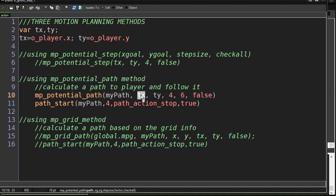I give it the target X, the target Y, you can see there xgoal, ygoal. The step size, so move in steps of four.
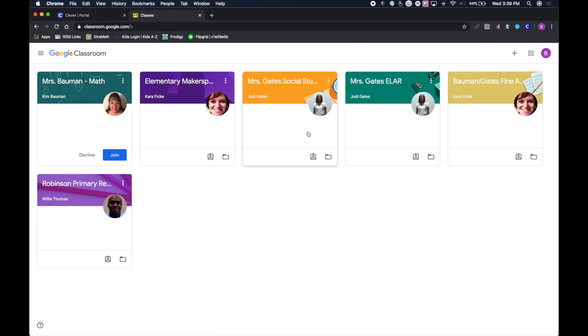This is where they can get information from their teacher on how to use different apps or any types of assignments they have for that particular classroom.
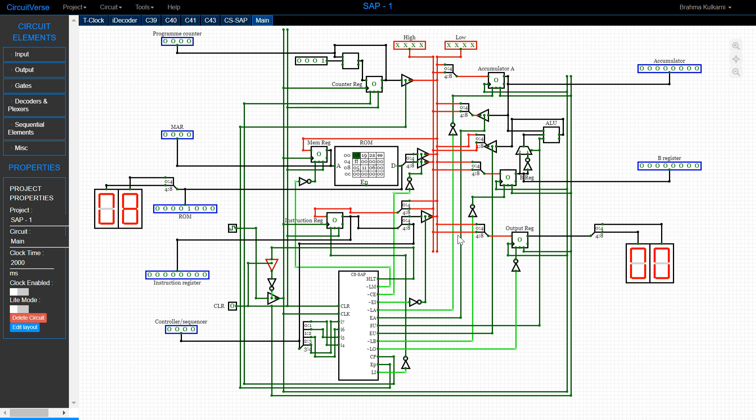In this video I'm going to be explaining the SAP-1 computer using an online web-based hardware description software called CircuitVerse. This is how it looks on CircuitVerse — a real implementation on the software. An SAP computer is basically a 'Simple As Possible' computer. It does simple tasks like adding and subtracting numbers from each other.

*-*-*

Task description
Everything in the listing should be repeated exactly except the pictures.

Problem solution
I give it the target X, the target Y, you can see there xgoal, ygoal. The step size, so move in steps of four.
This is where they can get information from their teacher on how to use different apps or any types of assignments they have for that particular classroom.
In this video I'm going to be explaining the SAP-1 computer using an online web-based hardware description software called CircuitVerse. This is how it looks on CircuitVerse — a real implementation on the software. An SAP computer is basically a 'Simple As Possible' computer. It does simple tasks like adding and subtracting numbers from each other.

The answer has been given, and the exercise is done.